Over the course of his dramatic and party-altering campaign for the office of Commander-in-Chief of the United States, Vermont Sen. Bernie Sanders ignited a nation. Not literally, of course, but the man won over some of the most devoted supporters of any candidate in the race with his platform of self-described "Democratic socialism" — and even with his nomination concession at the Democratic National Convention on Tuesday, it's really hard to believe that after that level of fervor, Sanders' voice will simply fade from the public discourse. Now that he's officially out of the presidential race, both his fans and detractors are wondering what Bernie Sanders will do next.
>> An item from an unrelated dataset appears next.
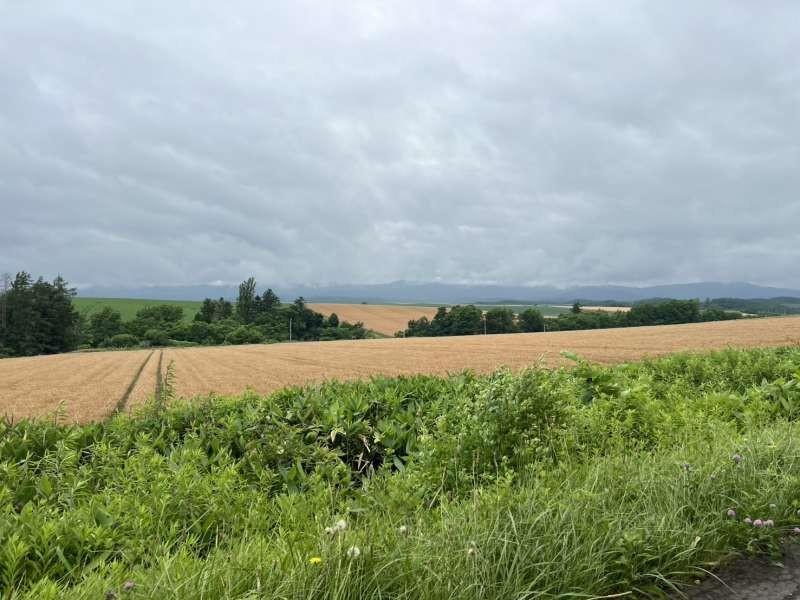 Land in Hokuei, Biei – photo 9 of 10 – Biei, Daisetsuzan Foothills, Hokkaido, Japan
"Next Tuesday, we continue the fight," Sanders said at a Santa Monica rally June 7, the night opponent Hillary Clinton became the presumptive Democratic nominee, The Los Angeles Times reported. "We are going to fight hard to win the primary in Washington, D.C., and then we take our fight for social, economic, racial, and environmental justice to [the Democratic National Convention]."
That plan ultimately did not result in the Sanders victory at the DNC that so many had been hoping (or perhaps wishing) for, but that's no reason to think that his respectable quest for justice is anywhere near over. Certainly, with his move at Tuesday's convention gathering, Sanders himself seems ready to keep moving forward.
Sanders — one of the few politicians who has held consistent public views on important issues for his entire career — used his run as a presidential candidate to advocate for policies that would directly improve the lives of who he views as underserved Americans, such as a living wage, affordable housing, solutions to income and wealth disparities, and LGBT equality. Although Clinton has flip flopped considerably over the years, she purports to share Sanders' dedication to promoting equality for all Americans, so it's easy to understand why the two were quick to meet up and help organize the new Party platform together.
After Clinton's ascension to the status of nominee became obvious June 7, CNN commentator Sally Kohn urged Sanders to "end the campaign, but not the revolution." Now that he has, Sanders still has the opportunity — and, it seems, the drive — to fuel the revolution his campaign previously started. Upon returning to Vermont, Sanders will undoubtedly continue to tout his progressive values, including challenging big banks and corporations. It's also likely that his campaign will help fundraise for other progressive politicians in down-ticket races, ABC News reported.
Presidential losers don't automatically disappear into the political sidelines, as evidenced by former Republican candidate and Arkansas Gov. Mike Huckabee, who hosted a successful Fox News show after his failed run in 2008. Al Gore used his 2000 loss as a springboard to call Americans' attention to climate change, winning a Nobel Peace Prize in the process. And let's not forget Hillary Clinton herself, who lost the 2008 Democratic primary to now-President Barack Obama. She certainly didn't let that stop her.
Because he's 74 years old, Sanders failed presidential bid was likely be his only attempt at the White House. But that doesn't change the fact that with his frank discussions and naked outrage about the inequalities in the United States today, Sanders made a huge difference on politicians and residents nationwide. He didn't win a shot at the top spot, but there's still so much work for him to do.